Information shown.
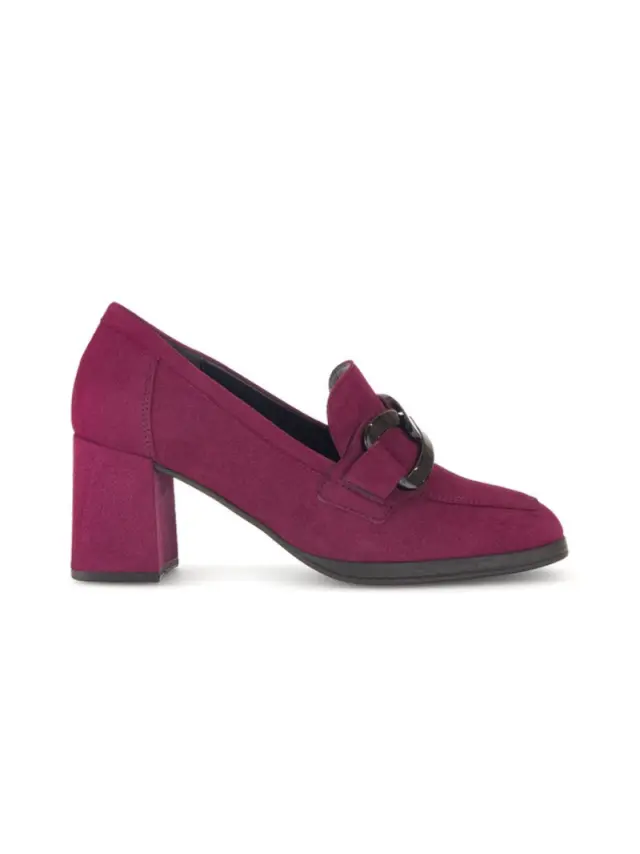 Gabor Μοκασίνια-Loafers Γυναικείο δέρμα Nubuck Μωβ GAB/55291 15-AUBERGINE 3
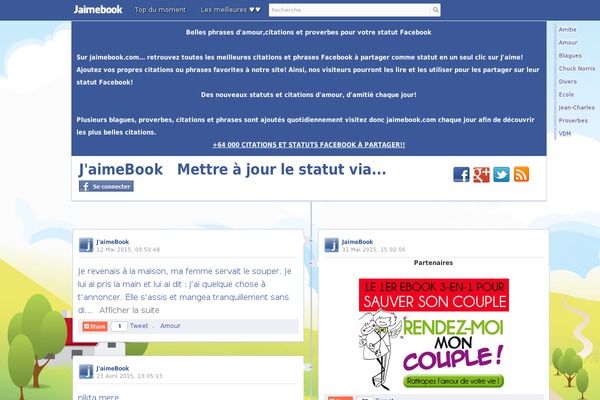 jaimebook.com site used Timeline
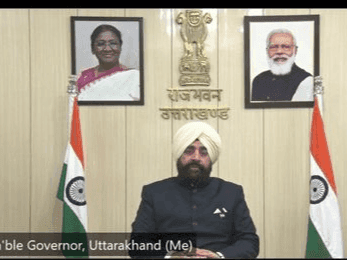 Governor Gurmit Singh virtually inaugurated the International Liquid Mirror Telescope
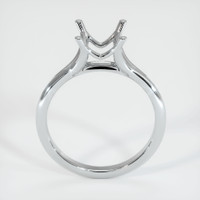 14K White Gold Solitaire Ring Setting Image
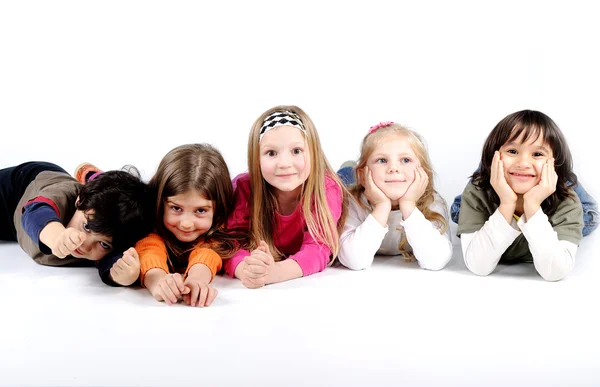 Дитяча група сімейного кладки ізольовані — стокове фото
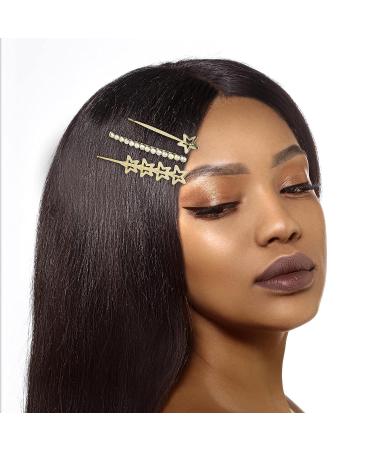 Must-Have-Beauty Decorative Hair Clip Set - Bridal Hair Accessories (8 PC HAPPINESS STARS & RHINESTONE) - Buy Online on GoSupps.com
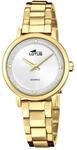 Lotus Damenuhr Analog aus Edelstahl 316l Goldfarben | Quarzwerk, Damenuhren,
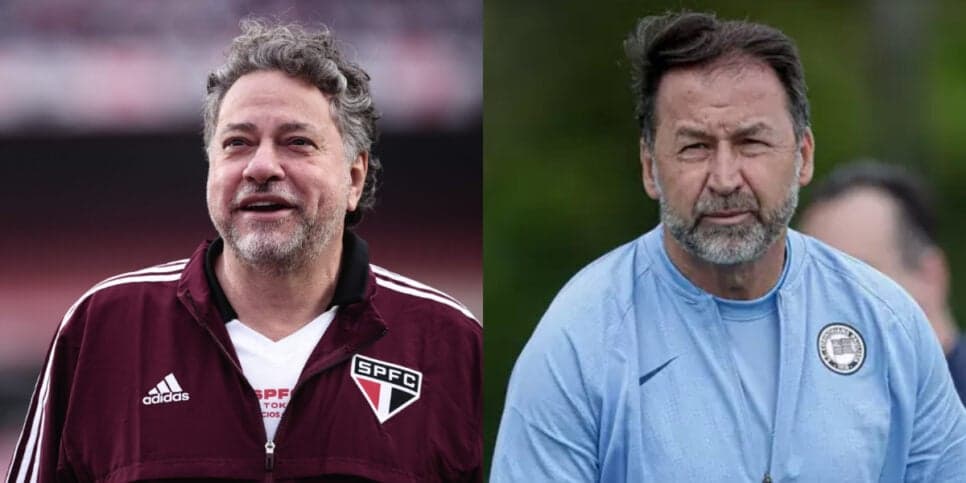 Casares presidente do São Paulo e Augusto Melo presidente do Corinthians (Foto: Divulgação) Casares presidente do São Paulo e Augusto Melo presidente do Corinthians (Foto: Divulgação)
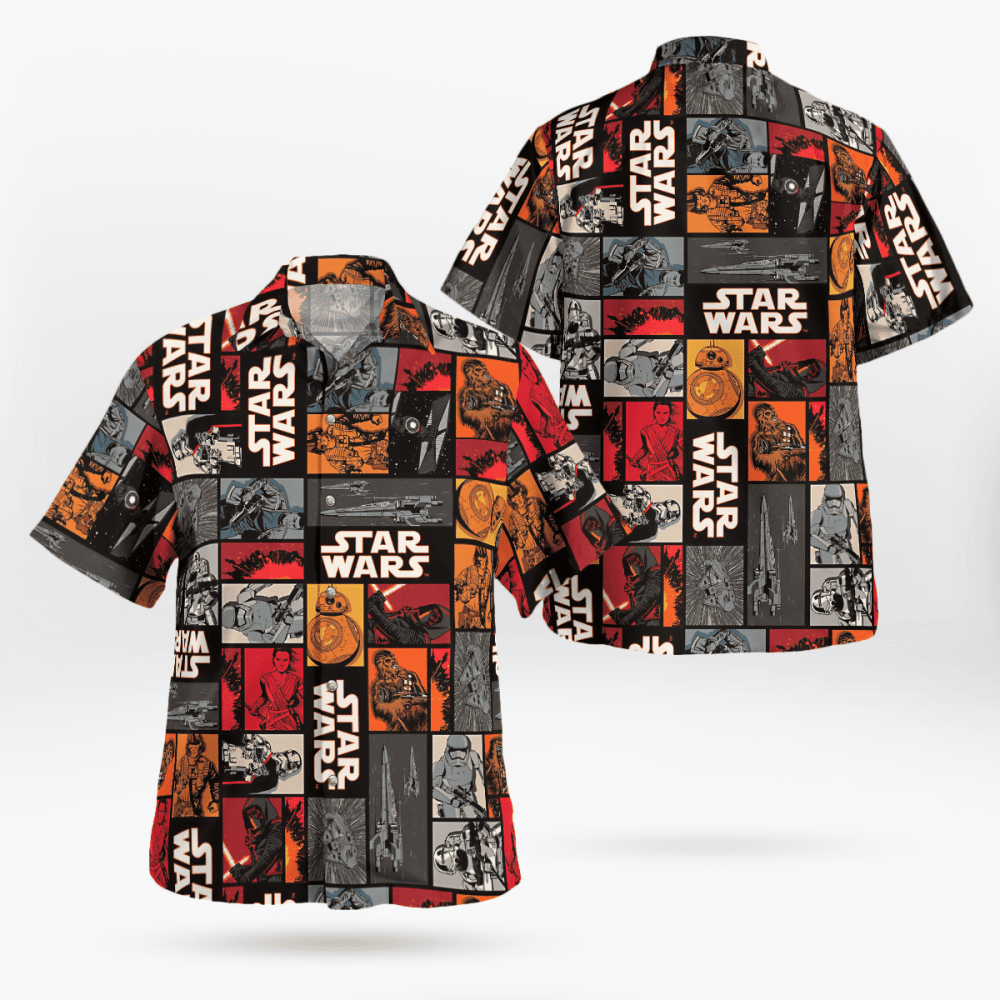 Movie Grid Vintage Star Wars Hawaii Shirt Summer 2023 Hot HW0601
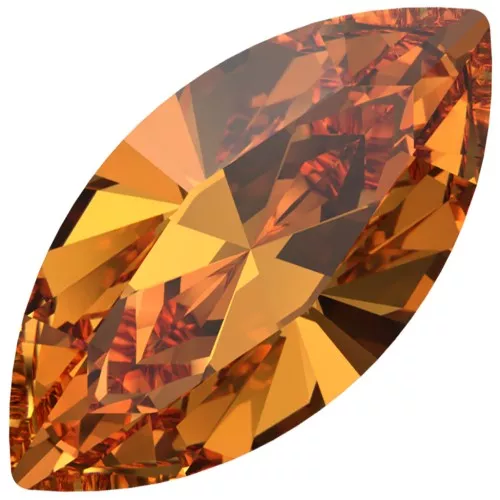 Navettes PureCrystal 4228 6x3 mm - Dark Orange x4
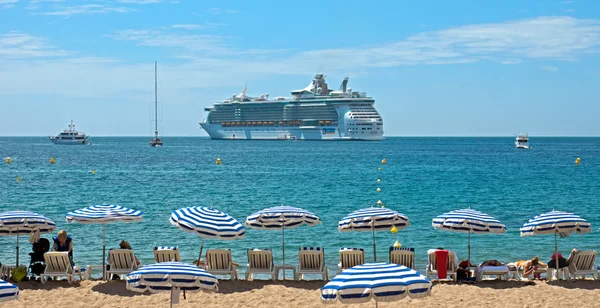 Cannes - Beach — Stok fotoğraf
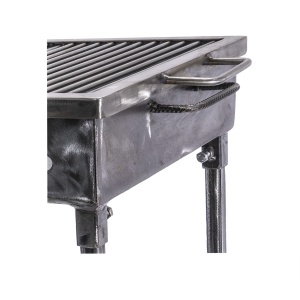 Gratar carbune Z-tools, metal, inox alimentar, 50x35x65 cm, ZTS5485 - Img 7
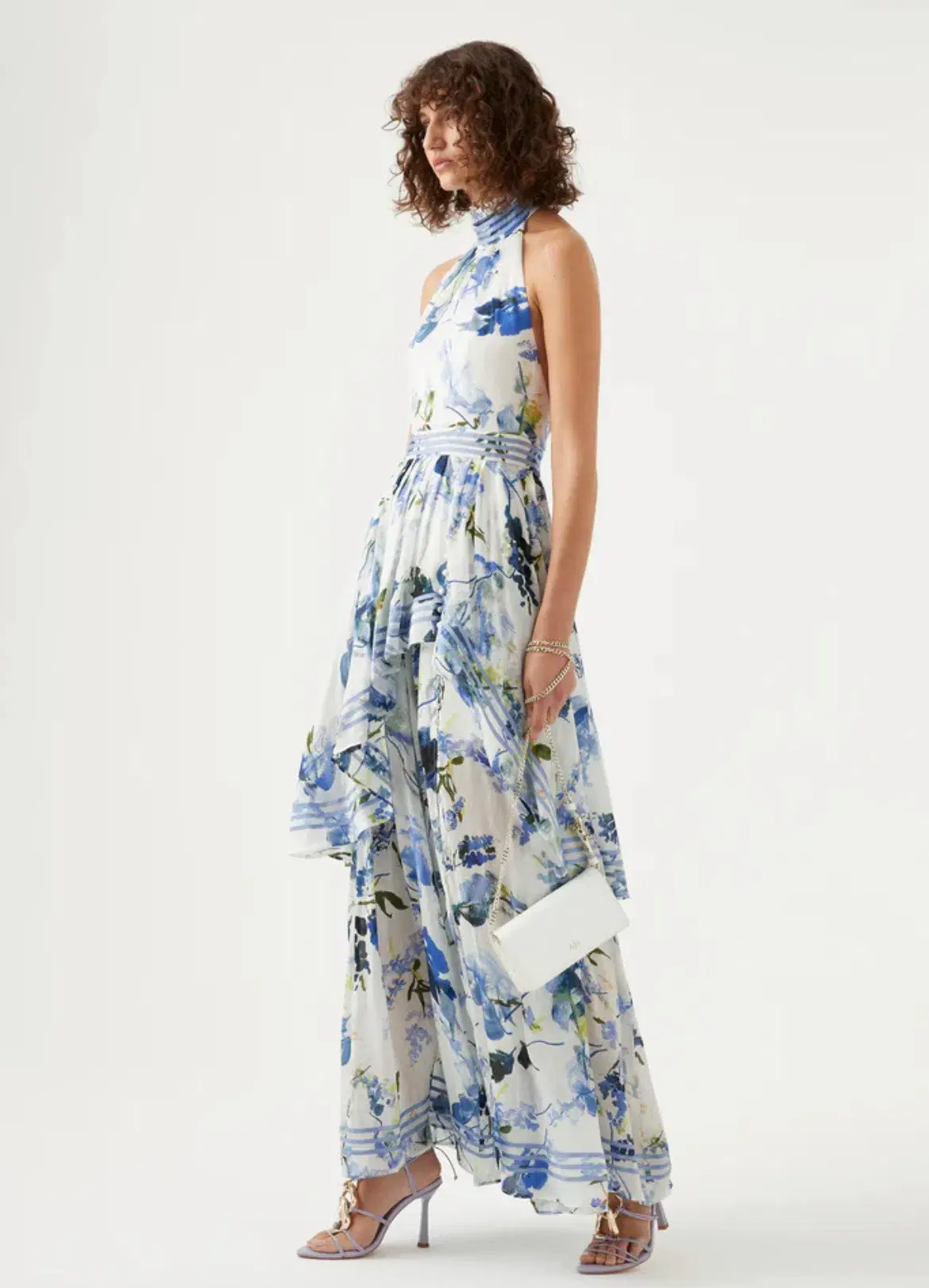 Aje Sienna Maxi Dress Lavenders of Provence Print Size 12 - Image 1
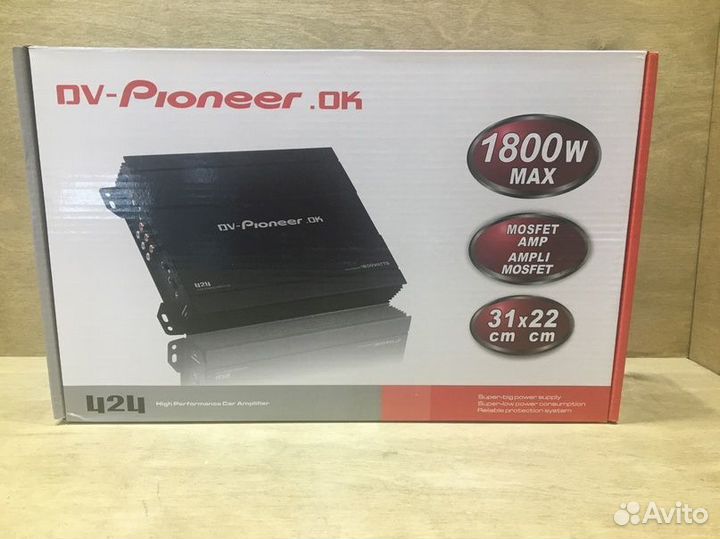 Автомобильный усилитель Pioneer 1800W 4 канала 424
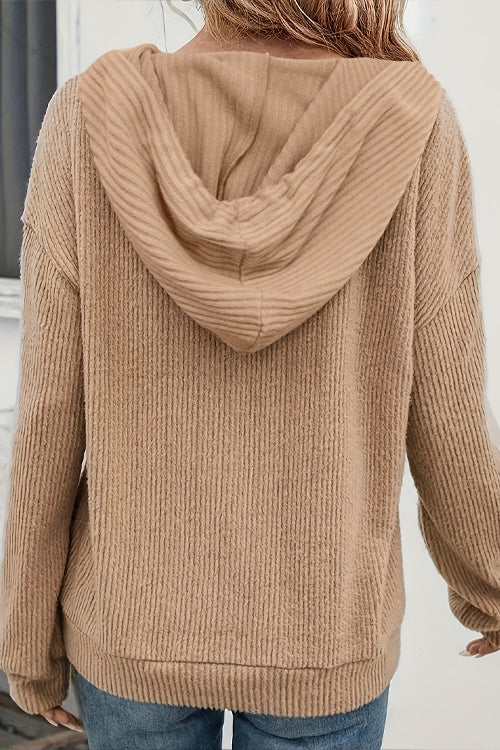 Coquette Cozy Button Knit Pullover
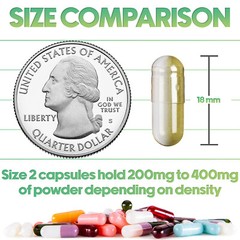 Capsules Express- Size 2 Separated Clear Empty Gelatin Capsules Gelcaps Pill Cap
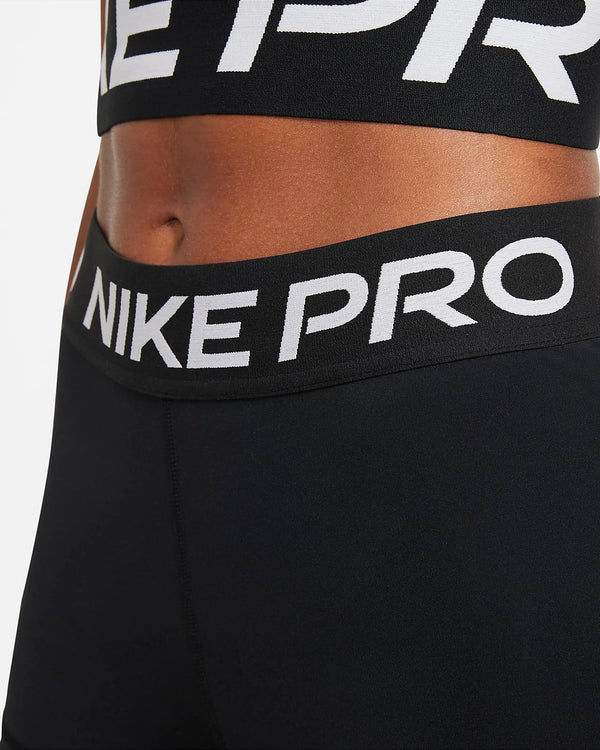 SHORTS NIKE PRO WOMAN PANTALONCINO CORTO PALESTRA DONNA NERO - TOP LEVEL SPORT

Exercise.
Skip all pictures. Then give again, exactly, each line from the line holding "Governor Gurmit Singh" through the last line of the listing above, both ends included.

Answer for the task.
 Governor Gurmit Singh virtually inaugurated the International Liquid Mirror Telescope
 14K White Gold Solitaire Ring Setting Image
 Дитяча група сімейного кладки ізольовані — стокове фото
 Must-Have-Beauty Decorative Hair Clip Set - Bridal Hair Accessories (8 PC HAPPINESS STARS & RHINESTONE) - Buy Online on GoSupps.com
 Lotus Damenuhr Analog aus Edelstahl 316l Goldfarben | Quarzwerk, Damenuhren,
 Casares presidente do São Paulo e Augusto Melo presidente do Corinthians (Foto: Divulgação) Casares presidente do São Paulo e Augusto Melo presidente do Corinthians (Foto: Divulgação)
 Movie Grid Vintage Star Wars Hawaii Shirt Summer 2023 Hot HW0601
 Navettes PureCrystal 4228 6x3 mm - Dark Orange x4
 Cannes - Beach — Stok fotoğraf
 Gratar carbune Z-tools, metal, inox alimentar, 50x35x65 cm, ZTS5485 - Img 7
 Aje Sienna Maxi Dress Lavenders of Provence Print Size 12 - Image 1
 Автомобильный усилитель Pioneer 1800W 4 канала 424
 Coquette Cozy Button Knit Pullover
 Capsules Express- Size 2 Separated Clear Empty Gelatin Capsules Gelcaps Pill Cap
 SHORTS NIKE PRO WOMAN PANTALONCINO CORTO PALESTRA DONNA NERO - TOP LEVEL SPORT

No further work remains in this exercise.